調停者が必要に応じて事実関係を調査した上で,当事者間の合意による紛争解決を促す調停は,裁判手続に比べ,簡易・迅速で,具体的事案に即した柔軟な救済を可能とする手法であり,諸外国の人権救済機関も含め,内外で最も活用されている代表的な裁判外紛争処理の手法である。人権救済においても,この手法を大いに活用すべきであり,専門性等を有する人権擁護委員の参加を含め,調停手続やこれを担う体制の整備を図るべきである。
「人権救済制度の在り方について」(答申)http://www.moj.go.jp/SHINGI/010525/010525-05.html#2-1より

 う〜ん。そもそも人権侵害事件の解決にあたって留意すべきことはなんでしょうか。
 この点につき、草加耕助氏はご自身のブログ「旗旗」のエントリーの中で非常に有意義な見解をお示しになっておられます。

 では「被害者の救済」とは何だろうか?私は以下のように考えます。
第1段階)被害者が加害者に、自己の苦しみ・悔しさ・怒りを直接ぶつける場を作る(糾弾)
第2段階)人権・差別の専門家をまじえ、加害者の言動の何が問題だったのかを3者で検討(確認)
第3段階)加害者が、専門家と被害者の指摘や援助で自分の罪を認識することに成功(反省)
第4段階)上記の内容に基づいて加害者より心からの謝罪が行われる(謝罪)
第5段階)被害者が謝罪を受け入れ、許し、癒される(和解)
(草加耕助氏「差別と人間の尊厳(人権擁護法その2)」(ブログ「旗旗」2005年3月15日http://hatahata.mods.jp/archives/2005/03/post_152.htmlより抜粋)

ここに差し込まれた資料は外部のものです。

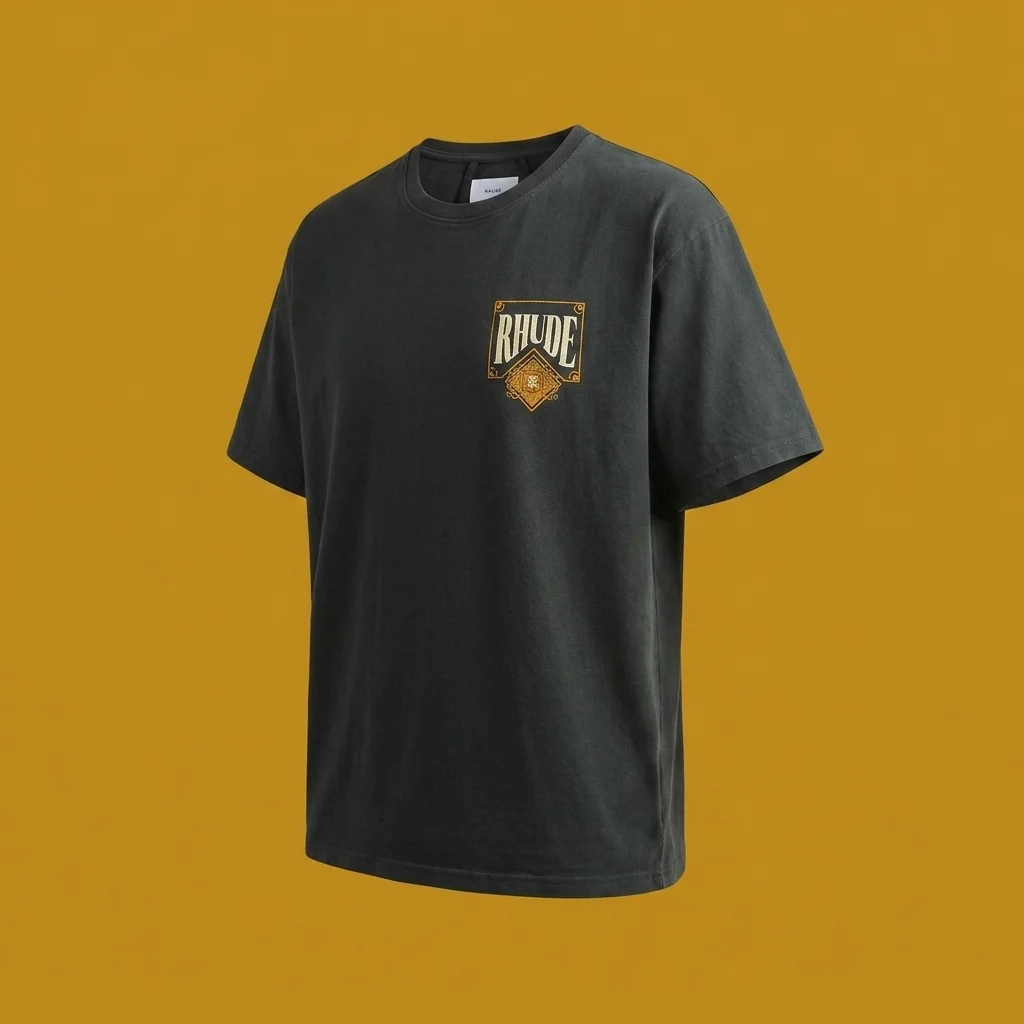 Rhude Playing Card Tee - Vintage Black / Yellow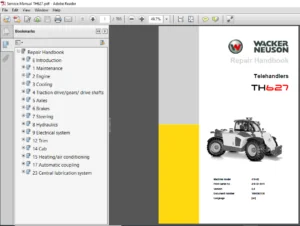 Wacker Neuson Telehandlers TH 627 Service Repair Handbook Manual - PDF DOWNLOAD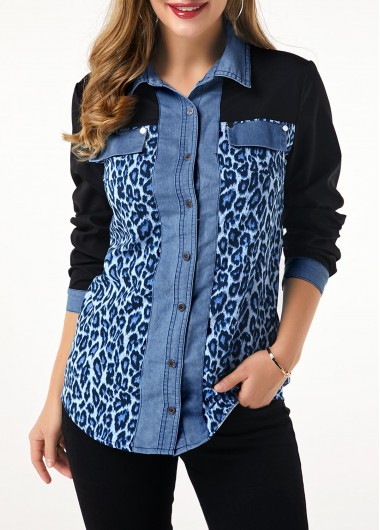 Leopard Print Denim Panel Button Up Shirt - L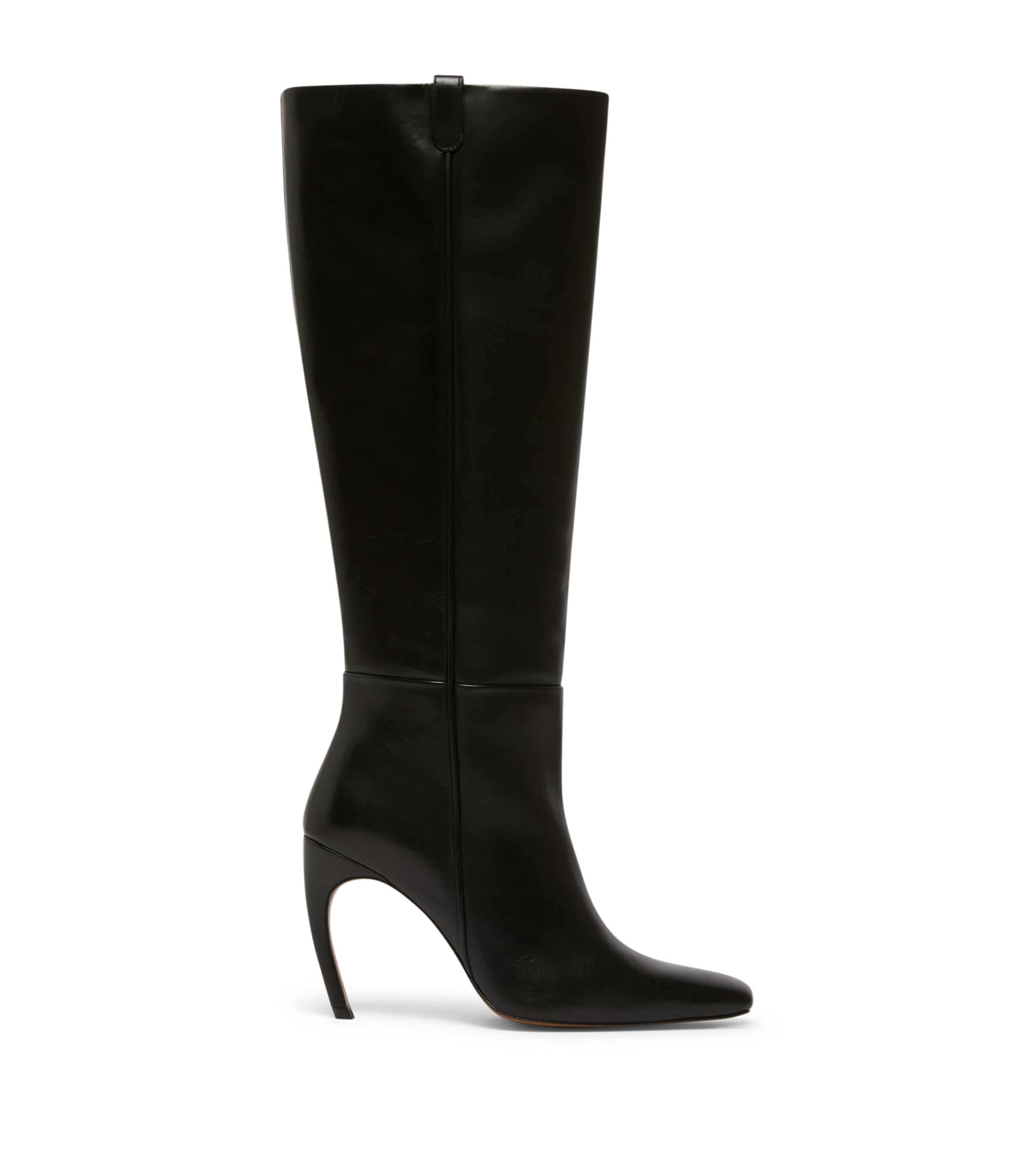 Marella x Cora Corré Leather Knee-High Boots Black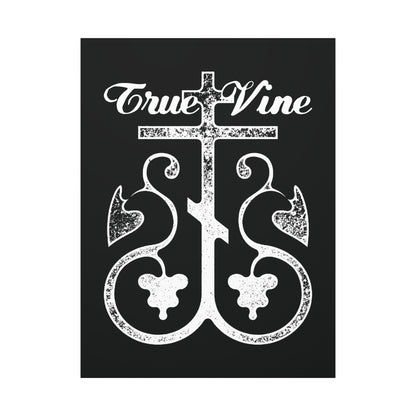 I Am the True Vine (John 15, Ezekiel 15) | Orthodox Cross with Grape Vine | Photocopy Effect | Orthodox Christian Canvas Wall Art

 私は、これらのプロセスが中立的第三者の管理の下でおこなわれることを期待するものでありますが、それが調停という枠組みの中で行いうるのかは疑問です。
 まずもって、調停は当事者双方の合意の上で手続進行が維持されるものですが、利益紛争に比べ権利紛争は、相手方が“紛争の存在”を承認しないことが多く、調停の場に参加すること自体を拒むケースが多いことがあげられます。したがって第一段階を実現するためには調停ではなく応訴が強制される訴訟手続によるのが望ましいと考えます。これについては、男女雇用機会均等法における調停が当初双方の合意を手続開始の要件としていたところ、相手方の合意が確保できず制度利用が進まなかったことから、一方当事者の申立てにより職権による調停開始を原則とするよう平成9年に改正された例などが参考になるでしょう(男女雇用機会均等法との比較については、番外編で後述する予定です。なお、法案推進者は調停が双方の「合意」によるものであると述べていますが、均等法の例を見れば、時を経ずして職権による調停開始規定を積極利用しようとする動きが活発化することは想像に難くありません。)。
 また、第2・第3段階における人権・差別の専門家の存在は、論争を解決へと水路付ける重要な役割を担いますが(家事調停における家裁調査官の役割が参考になると思います)、この専門家が中立的第三者の役割を兼ねることは出来ません。(法案に反対する方々は、人権委員もしくは人権調整委員(人権擁護委員ではないことに注意)が“中立的第三者”たり得ないのではないかと考えているのです。「専門家」である以上、その問題にコミットし、何らかの価値判断を抱いていることが容易に推測できるのですから。)
 第3・第4段階は、通常の紛争処理においてもそうなのですが、反省・謝罪という心の内面の発露を他者が強制しうるかという問題があります。国家が介入できるのは、結局のところ「許さない」と宣言できるにとどまり、「謝れ」とは言えないのではないか。これは大いに議論の分かれるところですので、またまた宿題にするしかなさそうです。
 で、これらは従来の調停/訴訟によって実現できないのか。第3・第4段階の問題は、紛争処理制度の根本問題ですからひとまず措くとして、人権侵害調停が通常の調停・訴訟と異なるとされる点は「人権・差別の専門家の介在」ですが、これは「訴訟援助」の問題であり、新たな紛争処理制度を作らなければできないものではないように思いますし、また「人権・差別の専門家=裁定者」となることが裁定者の中立性を疑わせるのであればむしろ有害であるとさえ言えるでしょう。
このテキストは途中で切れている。